According to the chief creative officer of reality TV trendsetter and “Big Brother” creators Endemol: A prickly crossbreeding rodent.
And yet that’s what the entertainment biz and mobile carriers are attempting.
“When you make love with a porcupine, you approach things cautiously,” Endemol’s Peter Bazalgette said last week. He was speaking at the mobile industry’s biggest annual conclave, the 3GSM World Congress running Feb. 13-16, where the mobile entertainment theme took centerstage among the 50,000 showgoers. Speaker after speaker referred to the $50 billion that mobile entertainment could generate by 2010, if only the studios and carriers could figure out how to share it.
Clearly, the entertainment biz wants to get the mobile show going. Hollywood, TV and the record labels came here in droves to let the world know that they want to entertain people on the ubiquitous cellphone, of which there are roughly 2 billion in the world, growing to 3 billion in a few years time, according to estimates.
Execs from Disney, Warner Bros., Fox, Endemol, MTV, “Idol” producers Fremantle, Rupert Murdoch’s Brit satcaster BSkyB, Sony BMG, Universal Music and EMI Music all came here to spread their mobile message.
But the big question is exactly how the cellular carriers will work together and share the $50 billion pie with Hollywood et al.
As Gary Carter, chief creative officer at Fremantle put it, “I’m not always sure we have the language to understand each other.”
One thing cell carriers and content providers do understand, though, is that each side brings a swagger that doesn’t always go down so well with the other. Mobile operators are, after all, dealing from strength. They own about 2 billion cellphone customers around the world, which is roughly double the number of TV households on the planet.
With that kind of clout, “some of them have a slight whiff of Hollywood about them,” Bazalgette told Variety.During one mobile media panel session, Graeme Ferguson, who heads global content for U.K.-based Vodafone — the second-largest operator in the world and partners in the U.S. in Verizon — shot back that the big media companies “are an equally arrogant batch.” He faulted them with having taken too long to come to the mobile table.
A number of issues were eating entertainment companies. Among them: they’re not always happy with the 40%-to-60% revenue share they get when they sell through an operator’s “portal” or “deck” — prepackaged services such as Verizon’s Vcast and Vodafonelive.
For TV makers accustomed to selling programming at a markup to broadcasters, the revenue-sharing approach is unfamiliar and can make them queasy. They often say consumers have trouble understanding confusing and expensive carrier pricing. TV execs were calling last week for advertisers to join the mobile TV race to help lower the price to consumers.
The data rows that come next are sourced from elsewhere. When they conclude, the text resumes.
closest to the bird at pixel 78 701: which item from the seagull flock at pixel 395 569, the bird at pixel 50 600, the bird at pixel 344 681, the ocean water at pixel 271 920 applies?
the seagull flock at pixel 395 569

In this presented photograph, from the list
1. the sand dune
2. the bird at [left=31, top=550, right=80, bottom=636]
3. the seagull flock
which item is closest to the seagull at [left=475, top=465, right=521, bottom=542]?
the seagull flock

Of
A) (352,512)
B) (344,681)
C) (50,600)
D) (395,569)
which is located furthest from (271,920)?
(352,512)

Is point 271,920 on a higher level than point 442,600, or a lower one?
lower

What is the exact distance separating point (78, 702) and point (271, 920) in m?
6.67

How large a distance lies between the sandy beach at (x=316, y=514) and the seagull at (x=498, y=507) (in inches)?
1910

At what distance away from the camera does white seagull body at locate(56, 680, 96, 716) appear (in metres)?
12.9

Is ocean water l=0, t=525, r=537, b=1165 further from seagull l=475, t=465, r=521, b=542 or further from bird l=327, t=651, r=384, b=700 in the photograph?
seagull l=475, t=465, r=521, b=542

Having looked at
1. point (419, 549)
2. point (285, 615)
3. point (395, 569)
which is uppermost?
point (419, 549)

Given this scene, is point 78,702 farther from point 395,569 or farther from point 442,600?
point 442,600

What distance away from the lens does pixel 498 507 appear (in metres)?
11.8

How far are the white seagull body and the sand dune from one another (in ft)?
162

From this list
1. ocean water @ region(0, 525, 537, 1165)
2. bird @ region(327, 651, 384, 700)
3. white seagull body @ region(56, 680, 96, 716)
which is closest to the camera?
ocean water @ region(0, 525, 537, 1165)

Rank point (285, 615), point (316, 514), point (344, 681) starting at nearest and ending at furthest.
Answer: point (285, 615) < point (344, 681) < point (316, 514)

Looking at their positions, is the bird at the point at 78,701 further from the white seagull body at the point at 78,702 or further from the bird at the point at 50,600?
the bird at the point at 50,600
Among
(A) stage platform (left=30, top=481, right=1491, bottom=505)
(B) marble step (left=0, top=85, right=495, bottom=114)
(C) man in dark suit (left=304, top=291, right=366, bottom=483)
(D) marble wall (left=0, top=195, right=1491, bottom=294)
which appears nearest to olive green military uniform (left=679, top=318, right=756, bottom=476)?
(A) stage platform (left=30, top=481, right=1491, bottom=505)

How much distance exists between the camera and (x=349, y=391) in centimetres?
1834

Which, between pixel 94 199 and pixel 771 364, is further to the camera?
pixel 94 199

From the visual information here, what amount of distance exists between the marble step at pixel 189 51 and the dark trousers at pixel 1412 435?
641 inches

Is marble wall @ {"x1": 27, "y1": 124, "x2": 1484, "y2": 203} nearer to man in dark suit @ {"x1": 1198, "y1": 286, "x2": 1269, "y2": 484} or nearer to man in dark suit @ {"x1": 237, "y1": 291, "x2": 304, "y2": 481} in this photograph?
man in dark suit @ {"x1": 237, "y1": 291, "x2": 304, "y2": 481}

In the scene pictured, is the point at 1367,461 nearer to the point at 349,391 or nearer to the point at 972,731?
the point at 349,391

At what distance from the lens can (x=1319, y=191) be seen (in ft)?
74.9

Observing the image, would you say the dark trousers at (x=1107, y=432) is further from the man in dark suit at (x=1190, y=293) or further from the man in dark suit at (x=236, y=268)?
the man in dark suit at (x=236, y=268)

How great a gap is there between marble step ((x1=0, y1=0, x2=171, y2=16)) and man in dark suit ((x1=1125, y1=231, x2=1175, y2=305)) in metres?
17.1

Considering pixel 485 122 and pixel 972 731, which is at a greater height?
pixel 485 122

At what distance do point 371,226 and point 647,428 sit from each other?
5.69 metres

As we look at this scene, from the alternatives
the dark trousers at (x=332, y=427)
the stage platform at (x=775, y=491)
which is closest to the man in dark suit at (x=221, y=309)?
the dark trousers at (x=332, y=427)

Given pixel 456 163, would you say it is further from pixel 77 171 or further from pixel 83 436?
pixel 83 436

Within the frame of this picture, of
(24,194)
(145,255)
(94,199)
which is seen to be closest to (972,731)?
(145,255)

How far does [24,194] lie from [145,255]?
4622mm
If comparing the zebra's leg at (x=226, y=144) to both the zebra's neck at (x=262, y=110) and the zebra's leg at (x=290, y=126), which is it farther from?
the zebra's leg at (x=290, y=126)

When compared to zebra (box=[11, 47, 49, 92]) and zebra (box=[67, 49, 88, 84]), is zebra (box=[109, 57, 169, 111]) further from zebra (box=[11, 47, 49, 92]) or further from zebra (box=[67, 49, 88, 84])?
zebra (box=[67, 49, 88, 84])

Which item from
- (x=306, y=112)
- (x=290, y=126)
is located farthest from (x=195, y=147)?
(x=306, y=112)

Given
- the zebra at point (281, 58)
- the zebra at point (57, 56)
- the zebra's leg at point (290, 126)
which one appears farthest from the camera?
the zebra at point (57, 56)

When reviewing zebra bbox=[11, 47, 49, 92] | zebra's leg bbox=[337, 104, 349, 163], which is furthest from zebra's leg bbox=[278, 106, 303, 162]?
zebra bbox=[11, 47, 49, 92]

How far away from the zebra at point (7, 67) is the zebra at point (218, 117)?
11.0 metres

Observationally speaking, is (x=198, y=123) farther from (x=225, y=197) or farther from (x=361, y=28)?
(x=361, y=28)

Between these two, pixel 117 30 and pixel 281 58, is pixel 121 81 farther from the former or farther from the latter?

Some complain carriers can make it difficult for consumers to find content by giving it a bottom-shelf position in the portal, and that portal services are hard to use.
“Some of the operators are challenged in their ability to run their own portals,” says Attila Gazdag, European managing director for Walt Disney Internet Group.
Others say carriers don’t do enough to market individual programs, don’t share enough information about user trends, don’t tailor their handsets enough to enhance the creative possibilities of the phone.
“The real prize for the mobile is to treat it as a medium in its own right,” Bazalgette says.
Endemol has created a mobile division dedicated to making shows only for the cellphone, including a series called “Extreme Reality.”
Although mobile operators have a grip on the cellular customer base, media companies made clear at 3GSM that they are also finding other ways to get their songs and shows onto cellphones. As mobile Internet browsing improves, and as Internet companies like Google and Yahoo! start making it easier to find things outside operator portals, some of them plan to build their own mobile sites.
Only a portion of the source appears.